When $1.9 million in funding for local ocean water testing was granted earlier this month, just days after it was announced that mandated safety monitoring would be halted due to state budgetary cuts, it was as if the problem never existed.
But representatives of the county’s environmental health department are still unsure if they’ll be able to resume tests in time for the current off season and the mandated period, next spring. A formal agreement to release state money into their hands hasn’t yet been reached, and may not be for some time.
“It’s been discontinued, at least at this point. We’re waiting for the state department of public health to send us a new contract and agreement,” says William Stratton, manager of Ventura County Environmental Health. “Until that money is offered to the county … the mandate is not in place.”
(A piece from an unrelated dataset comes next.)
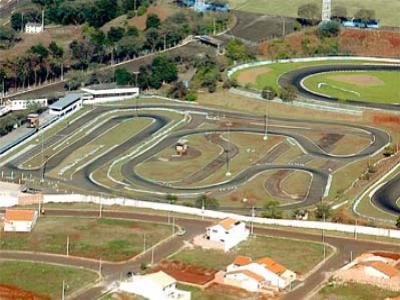 Paranaense Light de Kart começa logo após o Brasileiro em Londrina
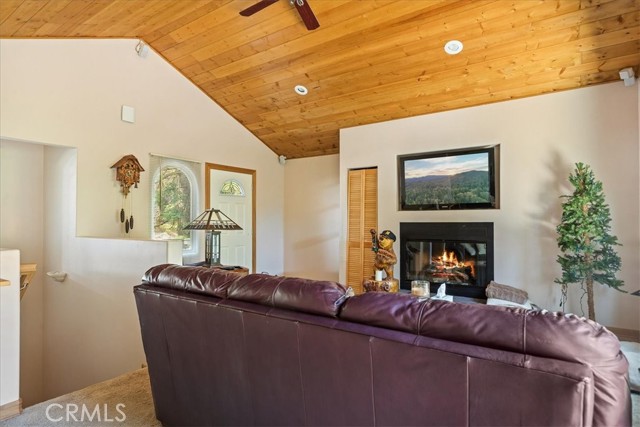 Detail Gallery Image 3 of 25 For 1053 Lausanne Dr, Crestline,  CA 92325 - 3 Beds | 2/1 Baths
AB 411 is a state assembly bill mandating that coastal waters be tested for pollutants and harmful contaminants, during a six-month period between April and October. It’s run by the county and paid for by the state. By and large, along the Ventura coast, 53 beaches are individually tested each week, and the results are publicly posted.
When officials in Sacramento informed Stratton’s department there wasn’t any money to fund next year’s testing cycle — a first in the program’s 10-year history in Ventura County — the state water board came to the rescue, allotting enough for another two years of tests.
The question, though, is when the testing will begin, says Stratton. The grant money must still come down through each individual county in the state, then through a county’s board of supervisors for proper approval, and then distributed to each separate municipality.
“We’re not sure what those terms and conditions will be yet,” Stratton said. “Certainly, it has to be in place before April 1.”
If not in motion by then, beachgoers won’t have the county as a resource for checking which shores have met their water quality standards. While the majority of beaches in Ventura County routinely pass with flying colors, it soon turns risky when considering the health effects from exposure to contaminants.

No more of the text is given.